ラッシュも落ち着いて座る場所がいくつもあった。
隅っこに座るのが好きな僕だが、この日は埋まっていた。メガネをかけた若いリーマンさんが座ってウトウトしていた。
電車で移動中もメールで仕事のやりとりをする事が多い今日この頃。
この日も僕はメールに夢中になっていた。
気がついたらもう下車の駅だった。
慌てて飛びおりた。
もう少しで電車が発車するとこだった。
そしたら後ろからウトウトのメガネのリーマンさんが僕を追ってきた。
音楽を聴いてた僕はイヤフォンを外し立ち止まった。
さっと差し出してきたものは、なんと
僕が車内で慌てて降りる時に落としたキーケースだったのだ。
リーマンさんは再び発車寸前のベルが鳴る電車に素早く戻っていった。
もう、あの隅っこの特等席はリーマンさんが戻った頃には他の誰かが座ってるに違いない。

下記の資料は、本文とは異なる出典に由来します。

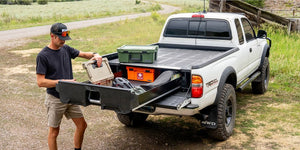 Decked Yt12 Bed Drawer||yt12_7.Jpg||92||dckyt12||1728300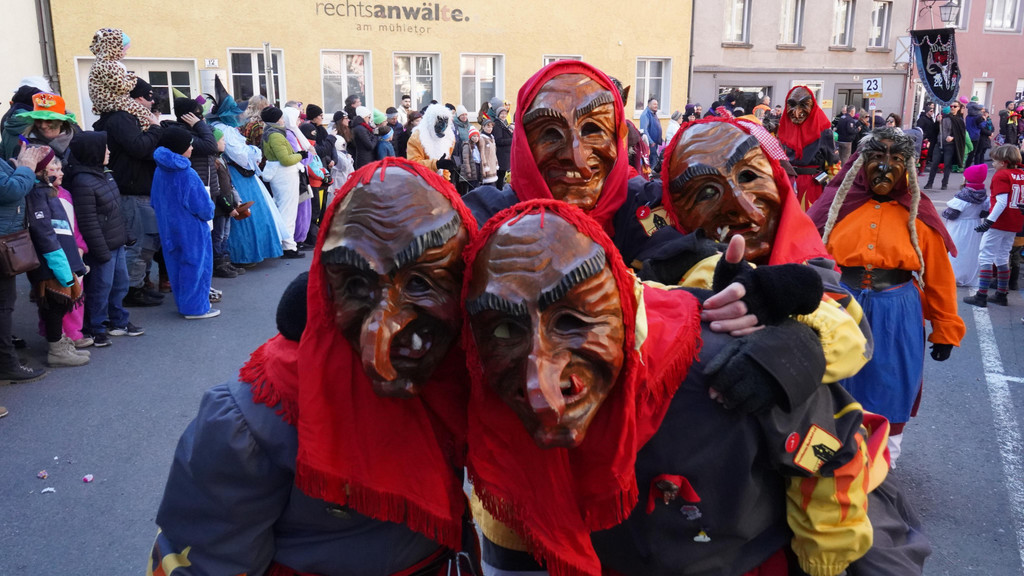 DSC00980.JPG
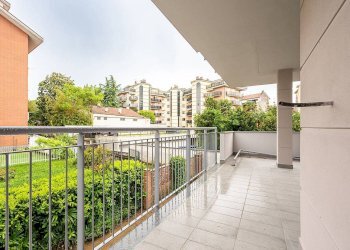 Appartamento Rivoli - foto 23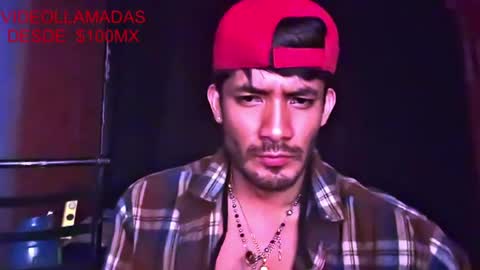camisitas737 online show from 19, 6, 2026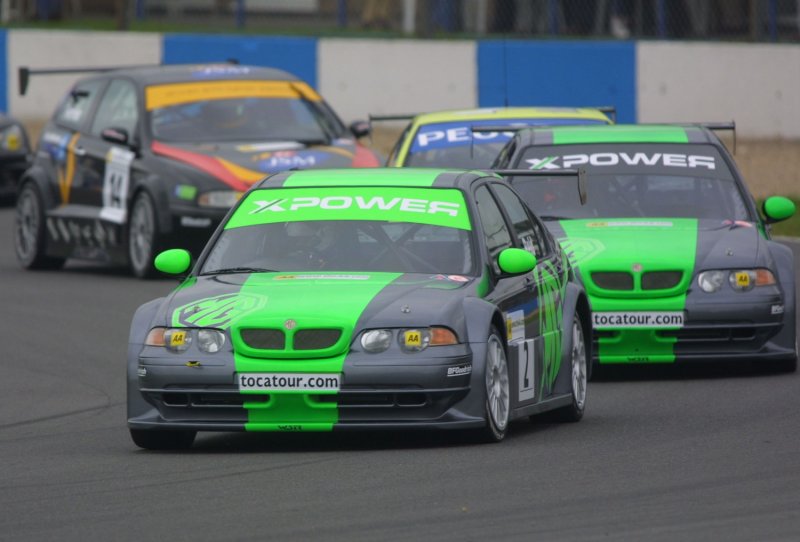zs_sport_06.jpg
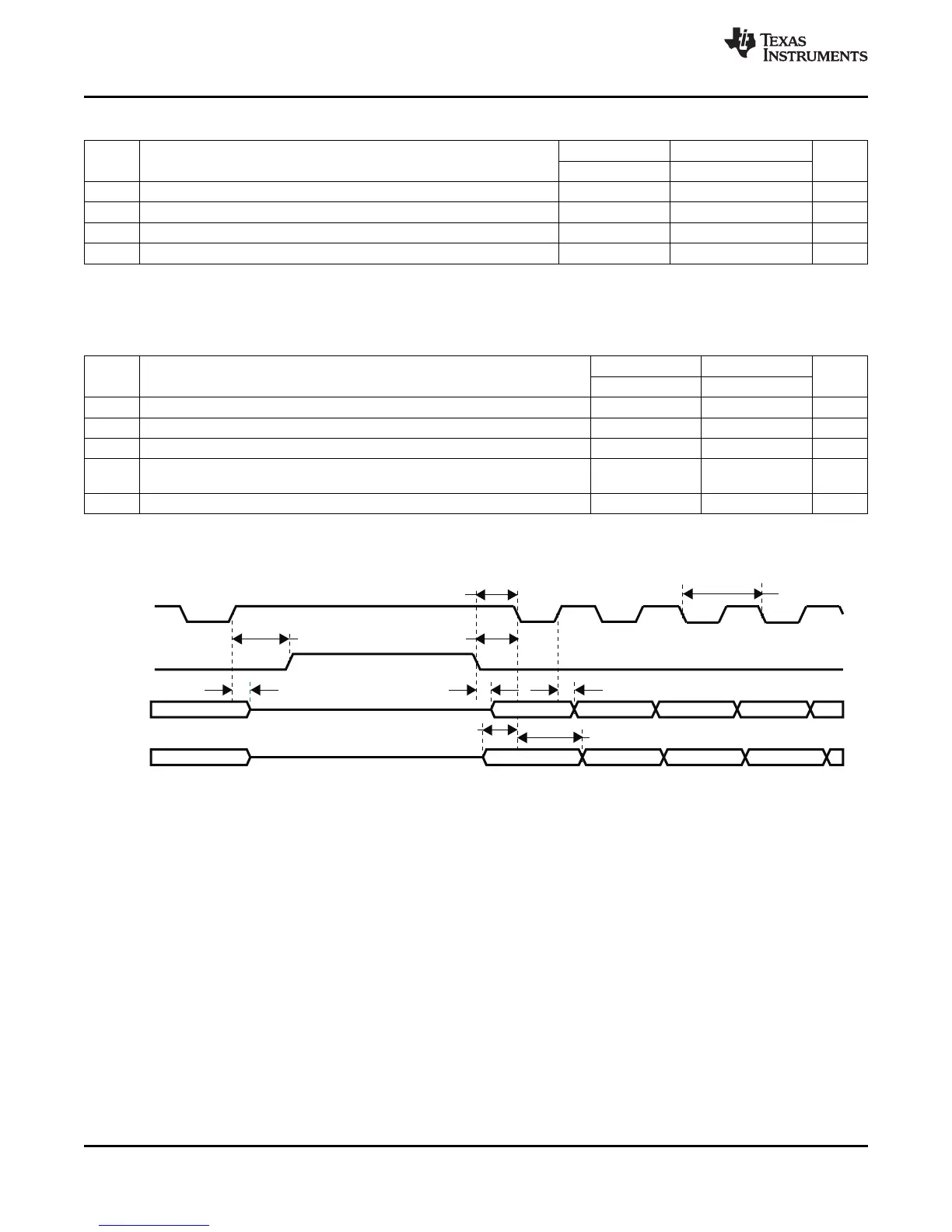 Page #156 background image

僕がキーケース落としたばかりに、人様の貴重な時間を奪ってしまった。
それでも見ず知らずの僕にキーケースを走って届けてくれた彼に感謝。
僕のキーケースには職場の鍵や家の鍵がついてて、無くしたらそれはもう大惨事だったから。
世の中捨てたもんじゃないよね。ありがとう。